BEGIN DATA RECORDS

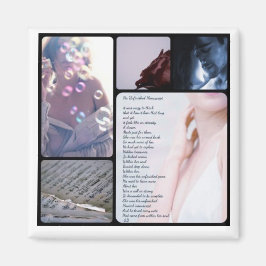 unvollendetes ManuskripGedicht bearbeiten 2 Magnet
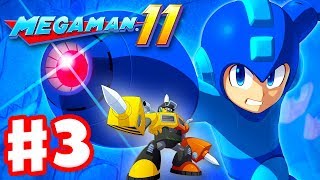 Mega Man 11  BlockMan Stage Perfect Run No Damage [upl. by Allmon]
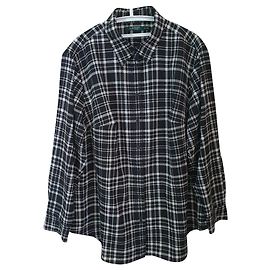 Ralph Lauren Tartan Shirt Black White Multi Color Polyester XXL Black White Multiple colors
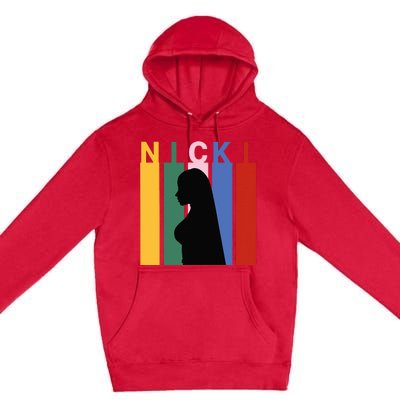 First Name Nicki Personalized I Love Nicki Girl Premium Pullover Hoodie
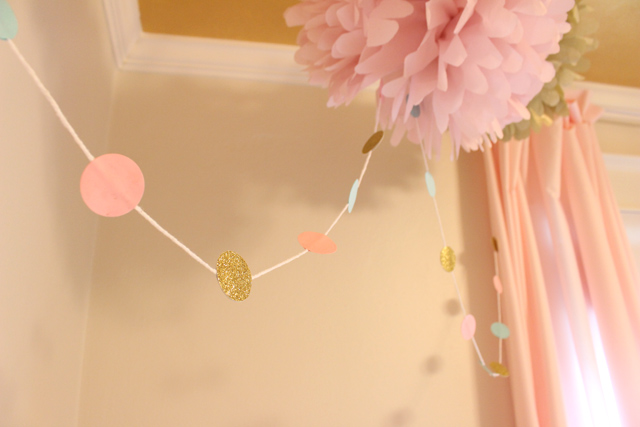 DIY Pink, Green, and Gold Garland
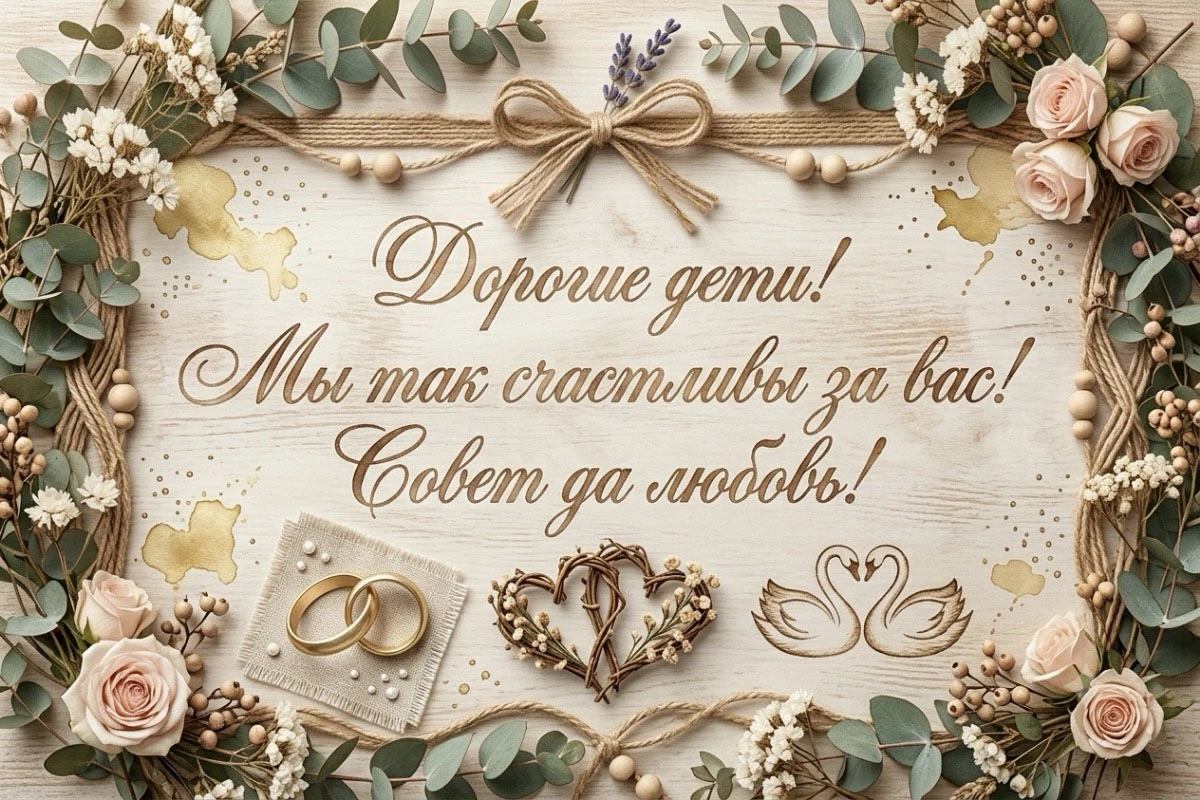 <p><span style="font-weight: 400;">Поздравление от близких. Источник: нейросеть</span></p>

END DATA RECORDS
BEGIN DATA RECORDS

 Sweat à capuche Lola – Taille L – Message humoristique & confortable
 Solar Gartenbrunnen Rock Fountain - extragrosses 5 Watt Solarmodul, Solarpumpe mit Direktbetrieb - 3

END DATA RECORDS

WHAT THE TASK ASKS -
Your answer must be the lines above from the one holding "unvollendetes ManuskripGedicht bearbeiten" up to and including the one holding "близких. Источник: нейросеть</span></p>", exact and with no pictures.

WRITTEN SOLUTION -
 unvollendetes ManuskripGedicht bearbeiten 2 Magnet
 Mega Man 11  BlockMan Stage Perfect Run No Damage [upl. by Allmon]
 Ralph Lauren Tartan Shirt Black White Multi Color Polyester XXL Black White Multiple colors
 First Name Nicki Personalized I Love Nicki Girl Premium Pullover Hoodie
 DIY Pink, Green, and Gold Garland
 <p><span style="font-weight: 400;">Поздравление от близких. Источник: нейросеть</span></p>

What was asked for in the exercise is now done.